Llegó el momento en que la categoría de público se fue disolviendo en la de mercado, mucho más difusa. El escritor dejó de tener claro a quién se dirigía
En términos muy generales, hasta la segunda mitad del siglo XX el escritor, de la especie que fuera, solía dirigirse a un público más o menos prefigurable. A la hora de ponerse a escribir, a un autor le cabía imaginar el tipo de lector al que estaban destinados sus libros. La relación del escritor con su público era hasta cierto punto connatural. Se puede decir que venía dada, y el éxito, cuando llegaba, confirmaba su mutuo entendimiento. Era precisamente ese entendimiento el que permitía al escritor según qué licencias afortunadas, realizadas con la confianza de que iban a ser toleradas y comprendidas. El altísimo nivel de la narrativa europea y sobre todo anglosajona posterior a lo que se entiende por Modernism tiene que ver sin duda con la complicidad con que autores y lectores asumían los logros del mismo, pero también sus supuestos.
Llegó el momento, sin embargo, en que la categoría de público se fue disolviendo en la de mercado, mucho más difusa. El escritor dejó de tener claro a quién se dirigía. Y a medida que se afanaba por alcanzar ciertas cotas de éxito, se fue viendo tentado a seducir a distintos tipos de lectores.

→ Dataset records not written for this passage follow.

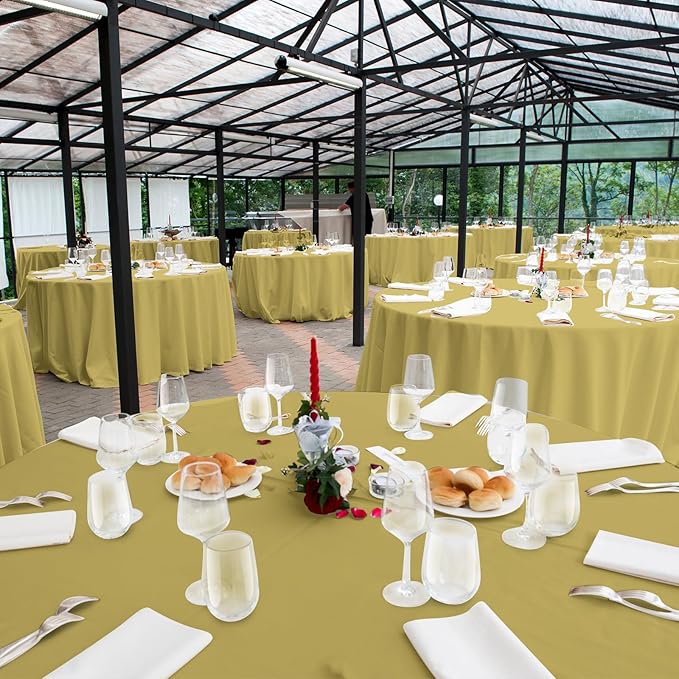 16 Pack Gold Plastic Tablecloth for Round Tables, Premium Decorative Gold Disposable Table Cloths for Parties, Bulk Round Party Table Cover for Birthday Wedding Anniversary Graduation, 84 Inch
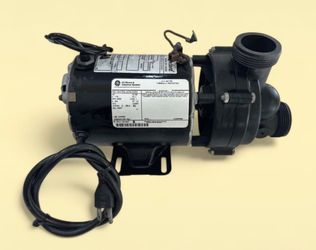 American Standard jetted tub motor-pump featuring a GE motor with 115v, 3450rpm, 9.9 Amps, 1.5 HP motor.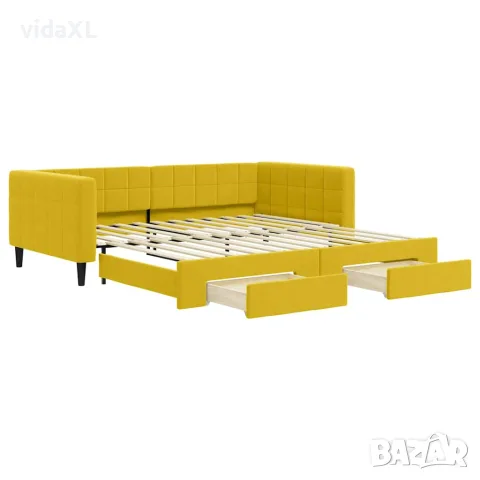 vidaXL Канапе с изтеглящо легло и чекмеджета жълто 100x200 см кадифе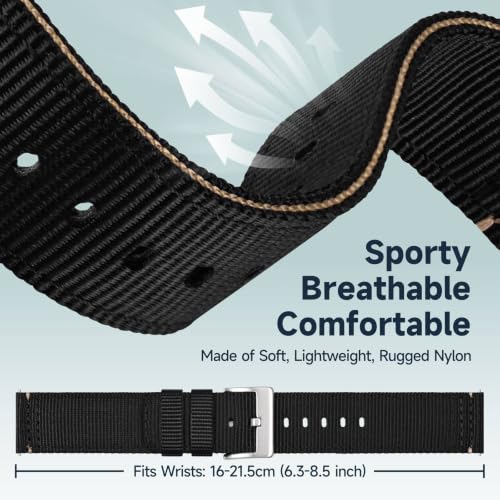 Image of WOCCI Nylon Watch Bands, Contrast Woven Design, Quick Release, Stainless Steel Buckle, Band Width 20mm 22mm 24mm 26mm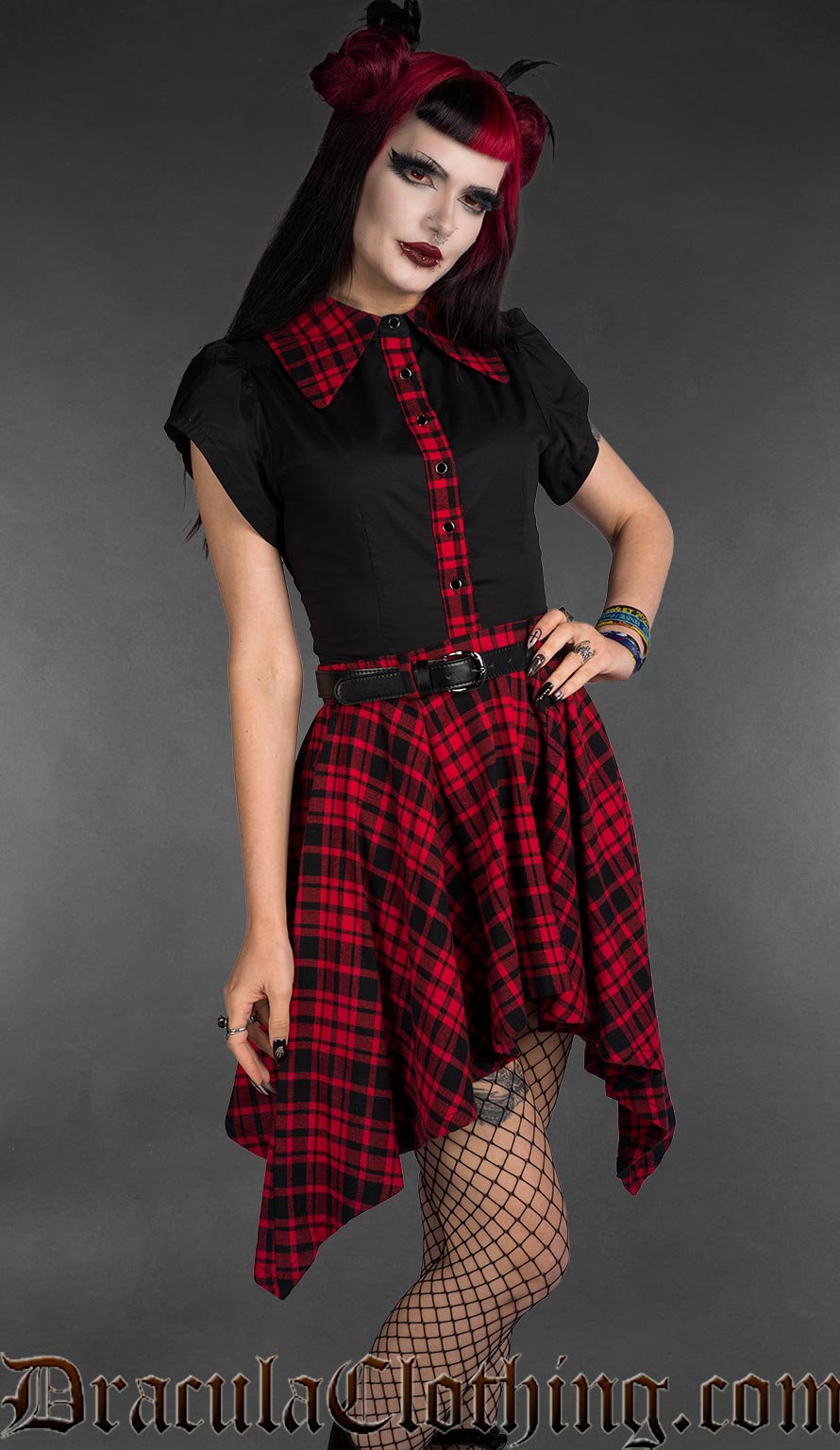 High low cotton tartan skirt with pockets and black blouse with red tartan details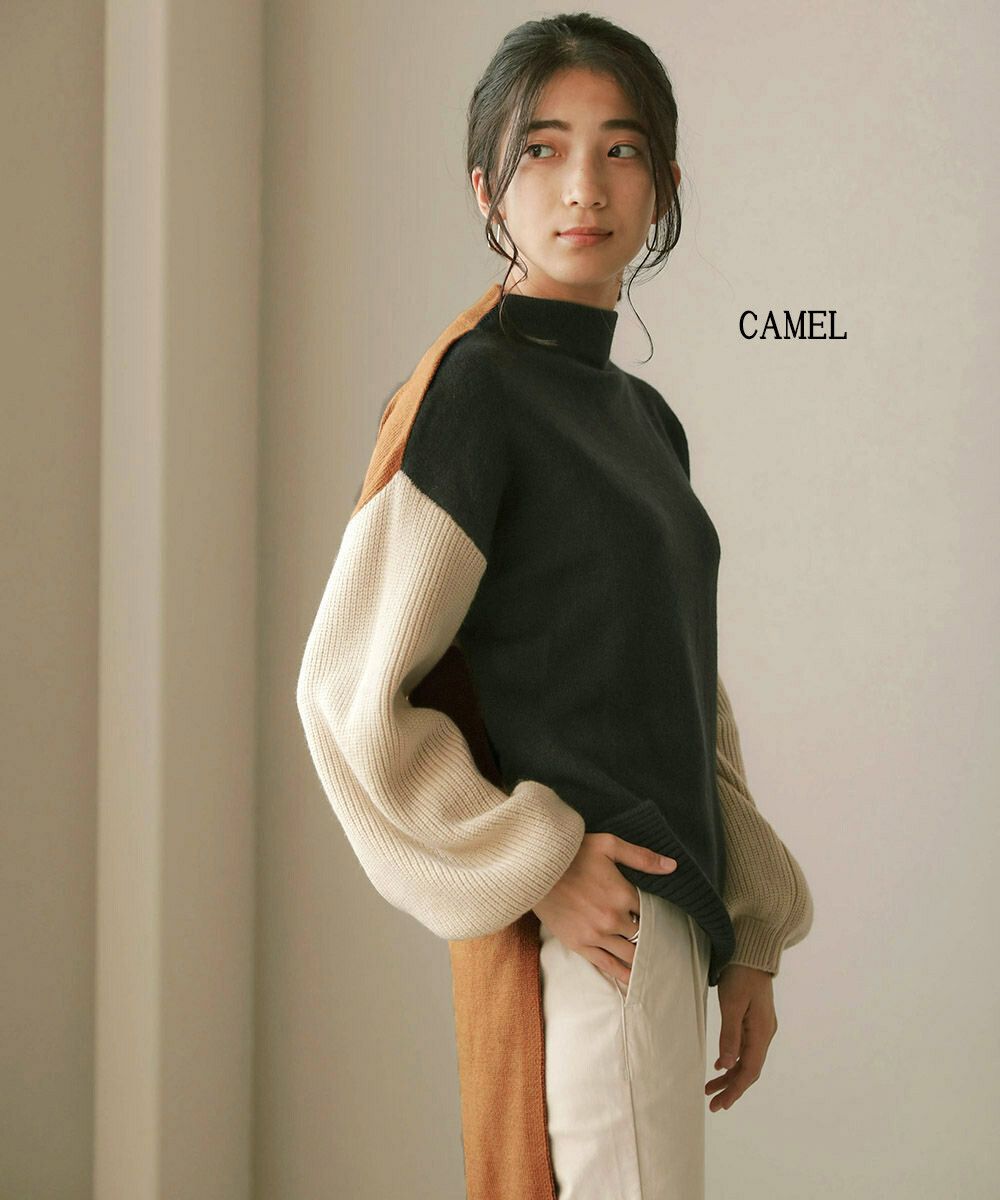 日本 Bou Jeloud - 撞色拼接前短後長立領針織毛衣-黑杏焦糖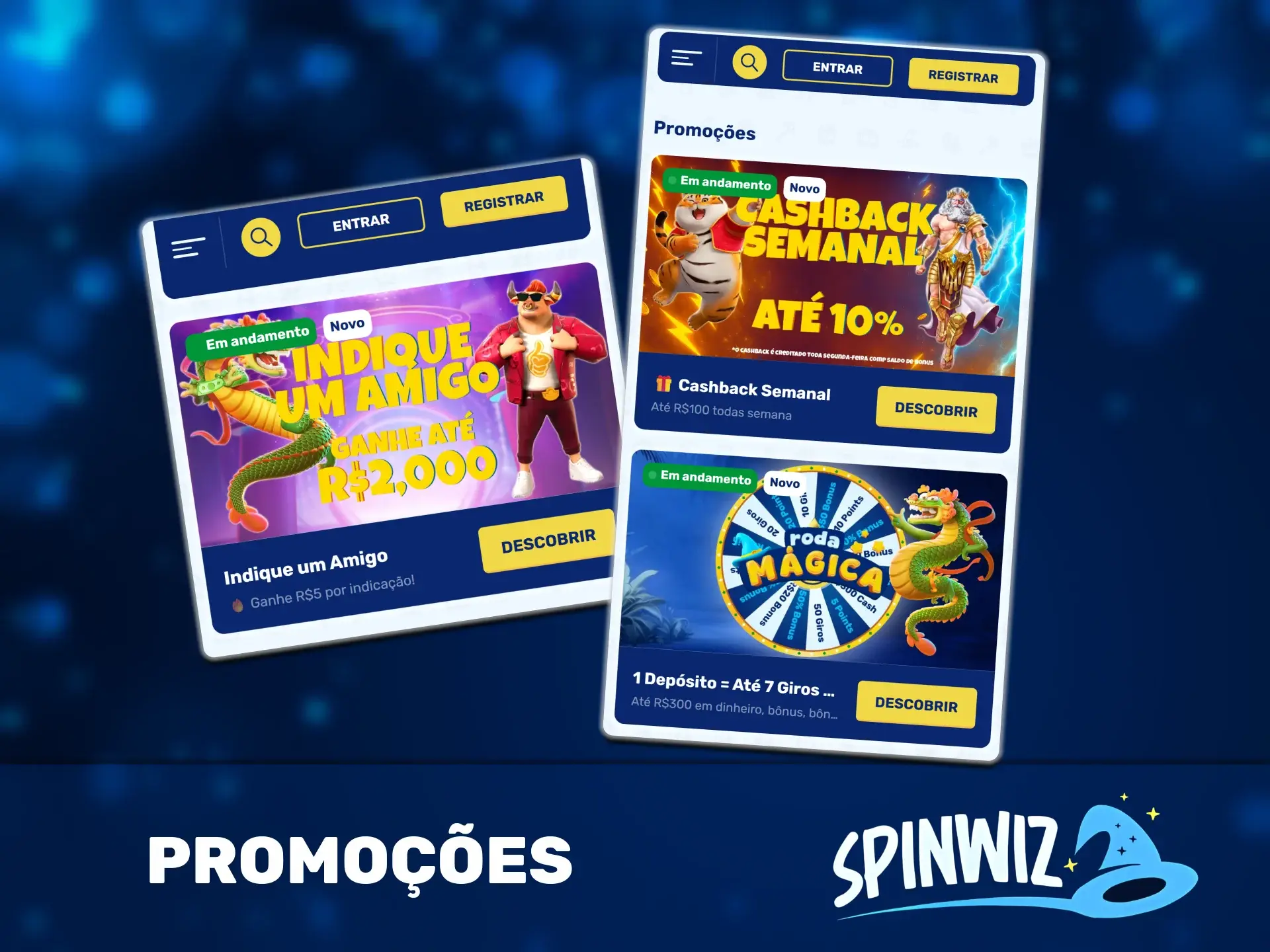 Receba os seus bónus na aplicação Spinwiz.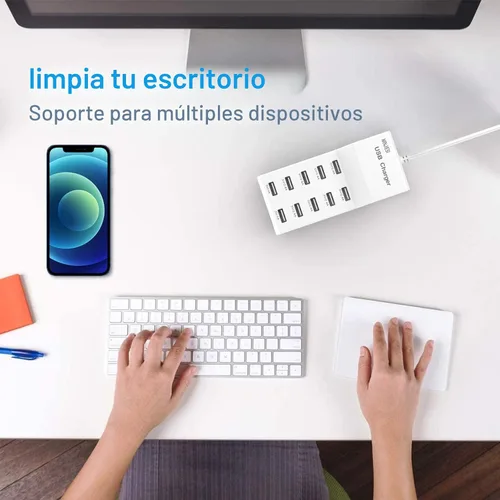 Vista 2 de Estaciones de carga USB 50w10A 10 puertos múltiples bloque de carga/tira USB de alimentación para iPhone, Android, smartphone, tableta, reloj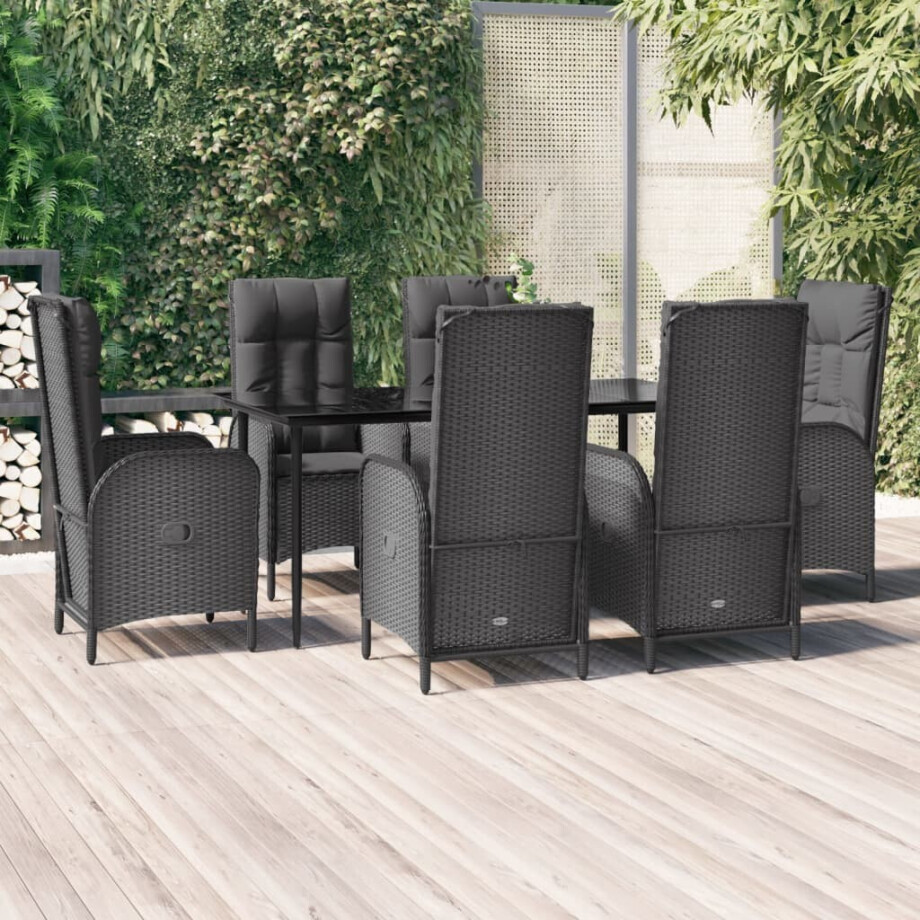 vidaXL 7-delige Tuinset met kussens poly rattan zwart afbeelding 1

De esto último es de lo que se queja Gide, poniendo en juego ese concepto de “unidad de espectador”. El término “espectador”, que emplea en lugar del de “lector”, permite extender el concepto al ámbito cinematográfico y televisivo, donde es mucho más común la experiencia de una película o una serie cuyos alcances malogra el deseo de complacer simultáneamente diversos estratos de público. En las series, para las que suelen trabajar equipos enteros de guionistas, esto mismo suele ser flagrante.
Aunque, como las viejas unidades (de tiempo, de lugar, de acción), puede que también la unidad del espectador estuviera llamada a ser rota y superada, y sea precisamente ese polimorfismo que Gide afea a Wells una de esas marcas del presente preñadas de futuro.